O Governo nunca foi ouvido sequer na tão propalada questão do “porto de abrigo” negociada directamente pelo Senhor Presidente da República com as autoridades americanas, supondo-se que os demais Órgãos de Soberania não têm conhecimento desta questão tão importante e que necessariamente deveria envolver entidades com competências constitucionais na matéria. Os Ministros eram directamente interpelados pelo Senhor Presidente a quem eram dadas instruções (caso do Ministro da Agricultura em matéria de crédito agrícola) à revelia do Chefe do Governo. Cito apenas um exemplo dentre muitos outros casos de intervenção directa do Senhor Presidente na acção governativa, desrespeitando as regras de competências próprias de cada órgão Ainda em matéria de política externa, a posição do Estado São-tomense é afirmada única e exclusivamente pelo Senhor Presidente da República sem articulação prévia com os demais Órgãos de Soberania como foi o caso recentemente registado na reunião promovida pelo Presidente Jorge W. Bush com os Chefes de Estado da sub-região da África Central.

Ninguém sabe até hoje, senão o Senhor Presidente, a posição de São Tomé e Príncipe. Mas, para ilustrar a manifesta vontade do Senhor Presidente da República de governar anexa-se o documento por ele rubricado intitulado “ Áreas de maior pendor de Sua Excelência o Senhor presidente da República “ que o Primeiro-ministro recusou-se a assinar por achar que não era conforme as normas constitucionais.

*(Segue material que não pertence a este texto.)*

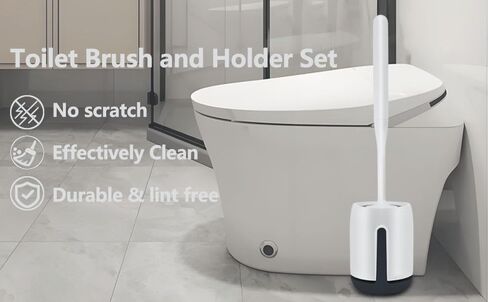 Silicone Toilet Brush Set for Bathroom Cleaner Brush Set,Non-Slip Handle with TPR Soft Bristle,Wall Mounted/Floor Standing,Toilet Scrubber Brush White and Turbo Drying in Kuwait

Aliás, muitos dos factos narrados na presente missiva estão contidos na carta que um grupo de cidadãos enviou ao Senhor Presidente da República antes da queda do Governo, alertando-o para o perigo da instabilidade que ameaçava o País. Julgo, Excelências, ser o meu dever moral e político e também de cidadão alertar a representação nacional para a necessidade premente de um debate sério e aprofundado sobre as verdadeiras razões que levaram à demissão deste Governo de Unidade Nacional, que criou tantas expectativas à sua volta, cujo derrube inexplicável após cinco meses apenas de existência poderá ser o prenúncio de uma instabilidade política permanente em São Tomé e Príncipe.

A minha convicção é a de que sem a delimitação clara dos poderes dos órgãos Presidente da República e Governo, através duma revisão constitucional, continuaremos a assistir a situações de conflitualidade e de mal-estar que só contribuem para adiar o País. O Presidente da República no exercício da magistratura presidencial deve em primeiro lugar respeitar a constituição e as leis que jurou cumprir e fazer cumprir e adoptar uma postura que faça dele uma referência supra-partidária, garante da estabilidade institucional e do regular funcionamento das instituições e não um factor de instabilidade.

Por um São Tomé e Príncipe estável e próspero.